• [Action item]
Would you give back exactly the lines from the line with "165 - A pair" through the end of the entries below, both included, but none of the pictures?

• [Supplied data]
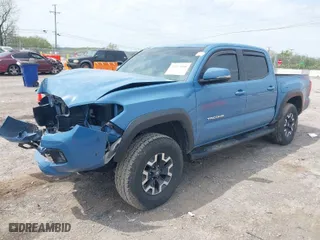 2019 Toyota Tacoma 4WD SR with VIN 3TMCZ5AN0KM260201, listed as a IAAI auction lot 42017048 with 49,216 mi miles. Bid and sale history available at carsss.com. Image 2.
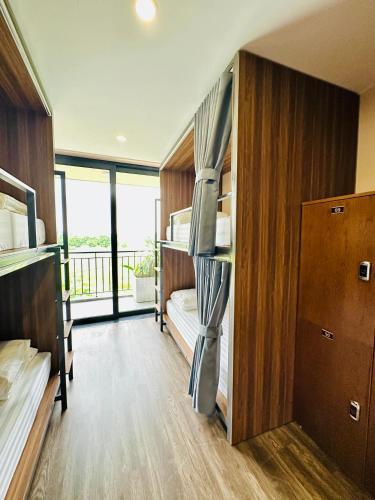 a dorm room with bunk beds and a balcony at NinhBinh Buffalo Hostel in Vũ Lâm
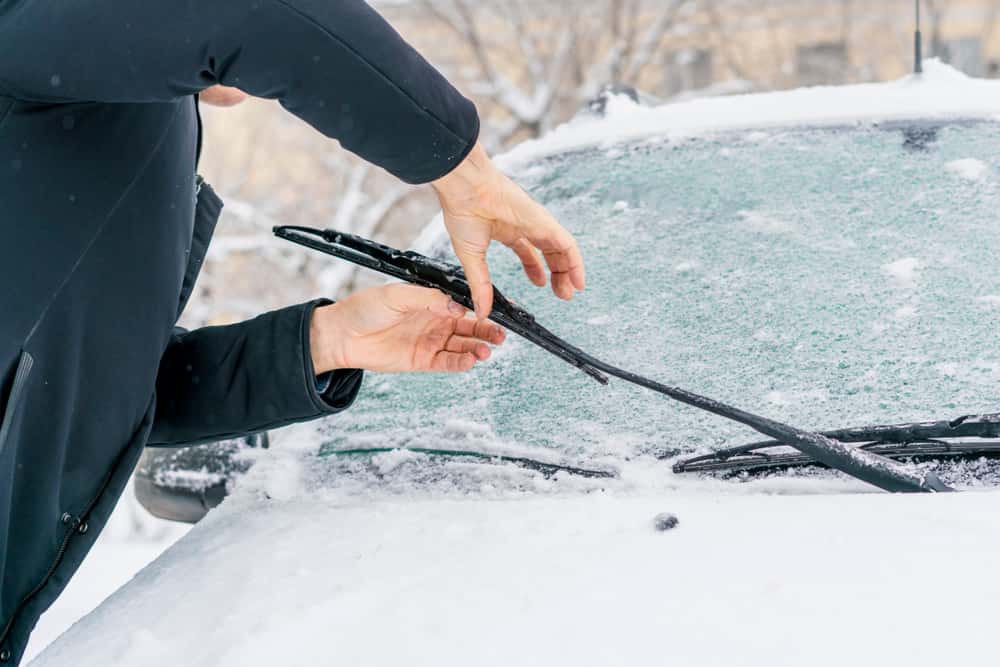 Man lifting wiper blades on an icy and snowy windshield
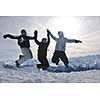 happy people group have fun on snow at winter season on mountain with blue sky and fresh air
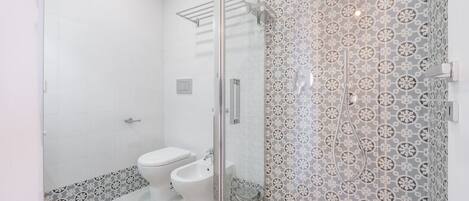 A modern bathroom with a glass shower enclosure, a toilet, and a bidet.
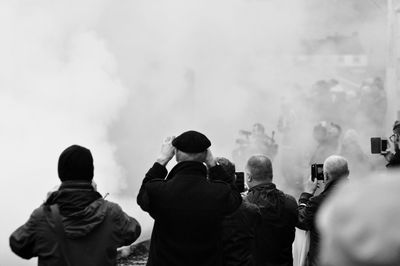 Rear view of people against sky with smoke 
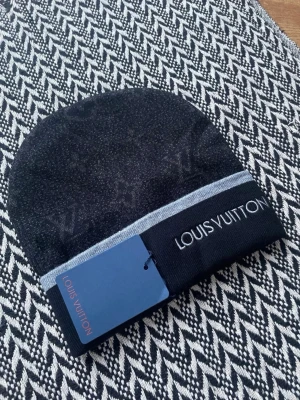 Svart mössa från Iv - Snygg svart mössa från Iv med diskret monogrammönster och en ljusgrå rand vid kanten. Märkets logga är broderad i vitt framtill. Tillverkad i mjukt stickat material som känns lyxigt och stilrent.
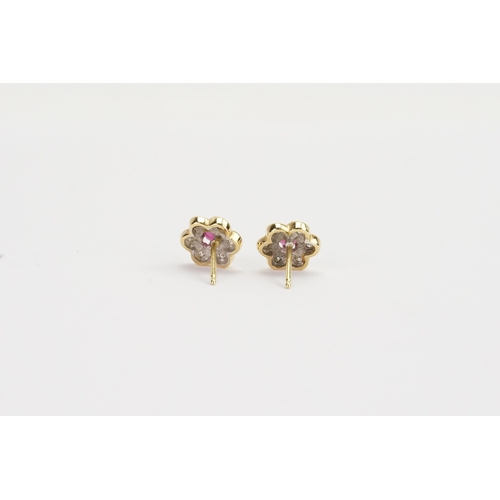 165 - A pair of Diamond and Ruby set flower earrings. Weight: 2.4g. Sapphire size approx. 0.18ct.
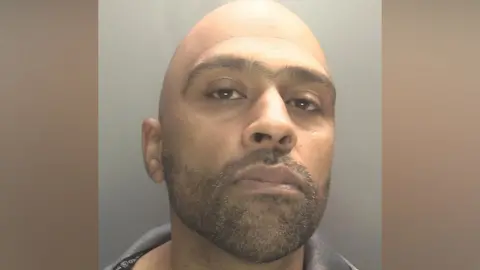 Zaynul Shaffi pictured in a mugshot. He is bald and has a dark stubble beard.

• [Exercise answer]
 165 - A pair of Diamond and Ruby set flower earrings. Weight: 2.4g. Sapphire size approx. 0.18ct.
 Zaynul Shaffi pictured in a mugshot. He is bald and has a dark stubble beard.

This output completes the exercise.